Evan: One thing we need here is more labels based in the city. You can see how many there are at Label Day this year on Labor Day weekend. We're on Euclid Records and then there's Tower Groove records and some others. Middle Class Fashion is on Tower Groove. Being on Euclid Records is really cool because they've been operating as a record store for so long and now they have a label to support more of the music scene.
Paige: St. Louis needs better public transit which is what makes Chicago and New York so much better. For example, when we were up in Manhattan for a while, around load in time - like 4 in the evening - you could see bands hopping out of cabs, buses and every other form of public transport you can think of with their equipment, guitar cases and all. St. Louis needs more of this, because it makes it easier for bands to get around without having to buy or rent a van. Also, since alcohol is related to clubs, not having to worry about driving is a big plus for people who want to come to shows too. The city needs a more pedestrian focus.

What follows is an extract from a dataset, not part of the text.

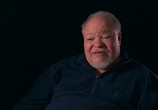 ТВ Ограды: Дополнительные материалы / Fences: Bonuces (2016) - cцена 8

Evan: What's good is that clubs are bringing in good bands for St. Louis bands to play with. St. Louis bands are finding out that they need to go to other cities and represent for St. Louis well. They need to go to places like Nashville, Memphis, New York, Chicago, etc. Then the dots or threads will start to connect and get people excited about the scene. That's just the way it works. St. Louis bands are starting to do a better job at that. Whenever we go out of town we make sure people know that we're from St. Louis so they can understand that their really is a good music scene here.
Examiner: I always ask if there's anything you want the fans to know or you want to say to the fans before we sign off. What would you want to tell your fans?
Evan: Definitely. I would say come to the Pageant show next Friday [8.23.2013]. We're playing with three of our favorite bands - all with new tricks.
Paige: Yeah. At the show, our new CD single will be released so you can pick it up too.